Minimising Willmore Energy via Neural Flow

Abstract

The neural Willmore flow of a closed oriented $2$-surface in $\mathbb{R}^3$ is introduced as a natural evolution process to minimise the Willmore energy, which is the squared $L^2$-norm of mean curvature. Neural architectures are used to model maps from topological $2d$ domains to $3d$ Euclidean space, where the learning process minimises a PINN-style loss for the Willmore energy as a functional on the embedding. Training reproduces the expected round sphere for genus $0$ surfaces, and the Clifford torus for genus $1$ surfaces, respectively.
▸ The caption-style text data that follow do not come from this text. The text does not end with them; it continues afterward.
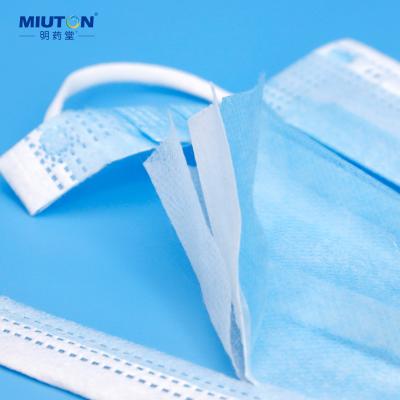 China Wholesale 50pcs/bag Eco-friendly Nonwoven Disposable Medical Mask Safety Adult Flat Pad for sale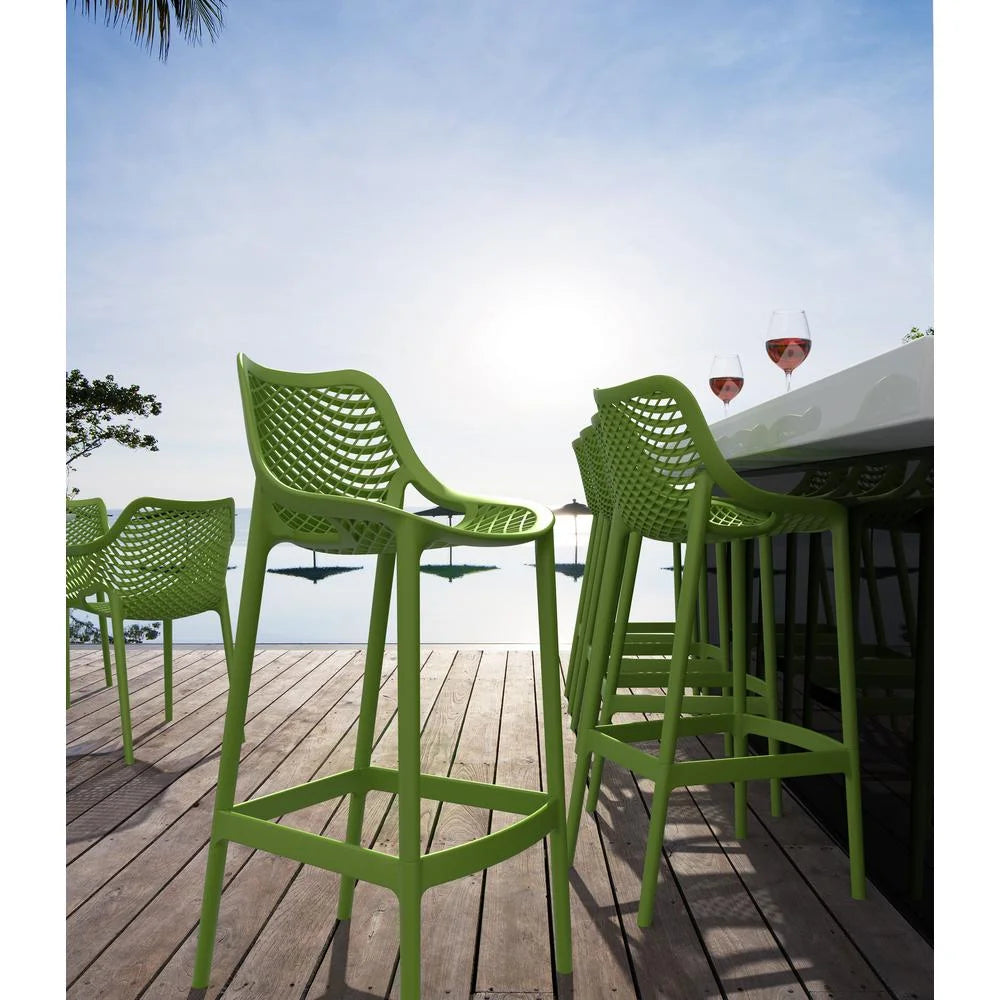 Compamia Air Patio Bar Stool in Black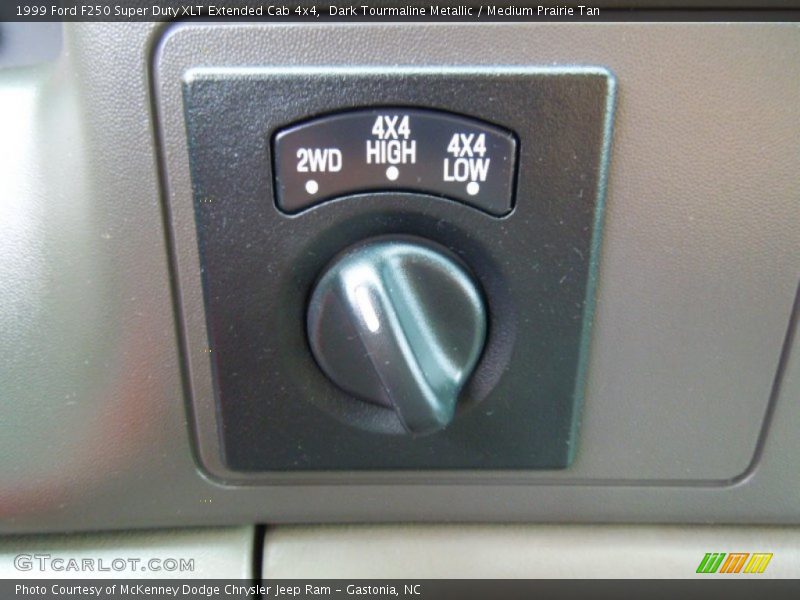 Dark Tourmaline Metallic / Medium Prairie Tan 1999 Ford F250 Super Duty XLT Extended Cab 4x4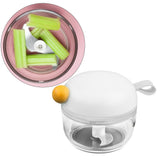 Maxbell Multifunctional Garlic Masher Garlic Puller Garlic Chopper for Nuts Chili White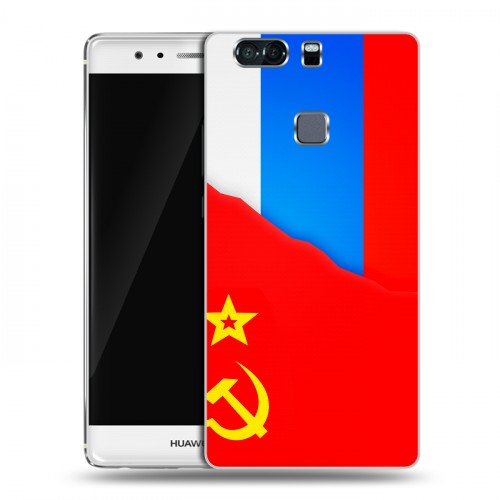 Дизайнерский пластиковый чехол для Huawei P9 Plus Флаг СССР 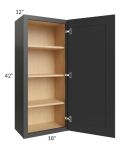 Madison Black Shaker 18x42 Wall Cabinet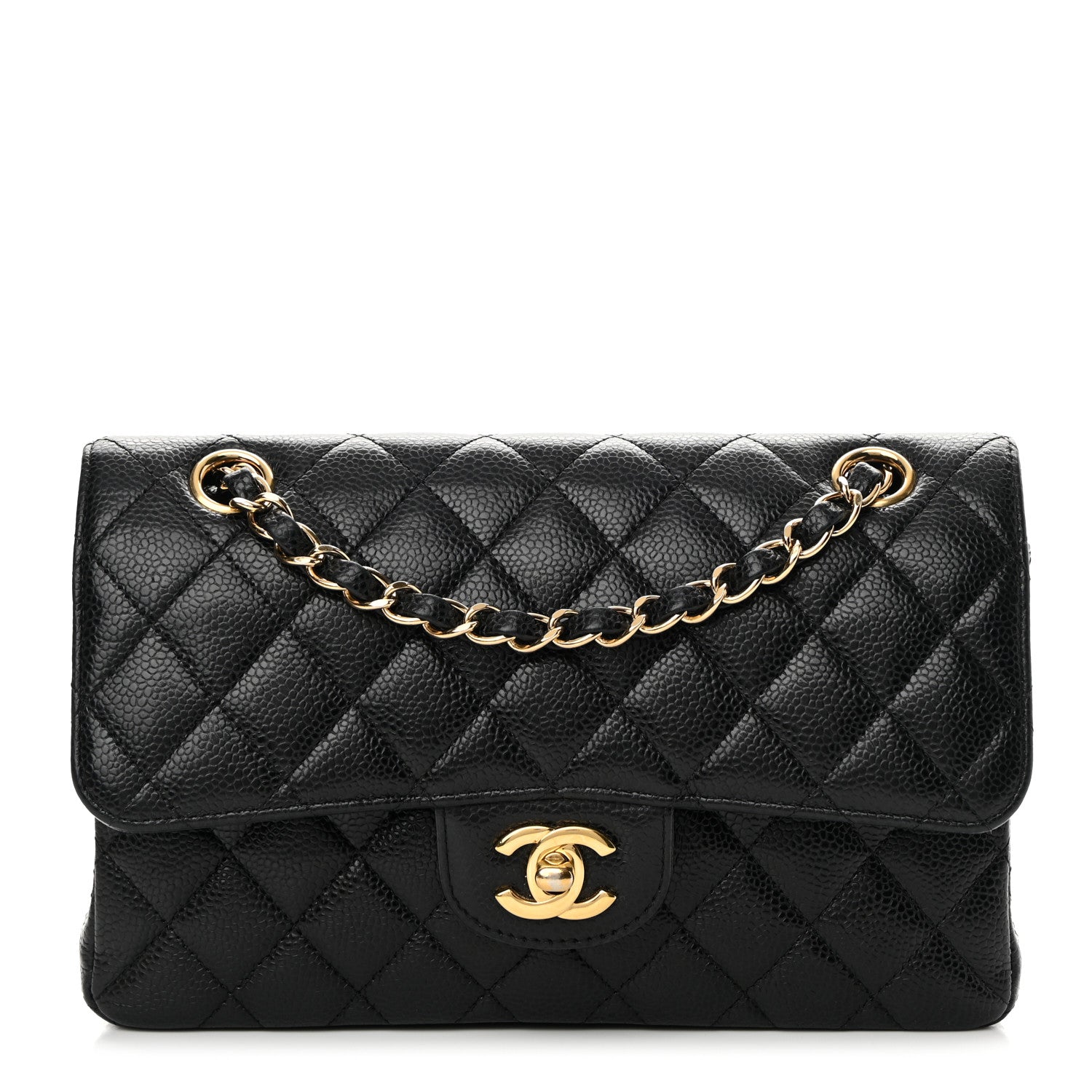 Chanel Caviar Quilted Small Double Flap Black 1 of 15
Furthermore, the experiment in the genus $2$ case provides a novel approach to search for minimal Willmore surfaces in this open problem.

Figures (9)

• Figure 1.1: The final trained embedded surfaces for each considered genus $\{0, 1, 2\}$, from the neural Willmore flow learning.
• Figure 4.1: Training losses for the genus 0 setup. Willmore loss reaches the expected theoretical minimum for the round sphere; regularity loss stays exceptionally low throughout (far lower order of magnitude) affirming a smooth consistent surface.
• Figure 4.2: Visualisation of the embedding evolution over training for the genus 0 setup. The fundamental domain is shown in (a) where the $(u,v)$ coordinates denote the architecture input (after conversion to spherical harmonics), then (b)-(f) are embedding outputs of the model at various epochs through training, using point colours matching the fundamental domain input, with values of the Willmore energy $\widehat{\mathcal{W}}$.
• Figure 4.3: Training losses for the genus 1 setup. Willmore loss reaches the expected theoretical minimum for the Clifford torus from the $\tau = 0.1i$ start point; regularity loss stays at exactly 0 throughout (below the ReLU-gated thresholds) affirming a smooth consistent surface.
• Figure 4.4: Visualisation of the embedding evolution over training for the genus 1 setup. The fundamental domain is shown in (a) where the $(u,v)$ coordinates denote the architecture input (after conversion to Fourier modes), then (b)-(f) are embedding outputs of the model at various epochs through training from $\tau = 0.1i$, using point colours matching the fundamental domain input, with values of the Willmore energy $\widehat{\mathcal{W}}$.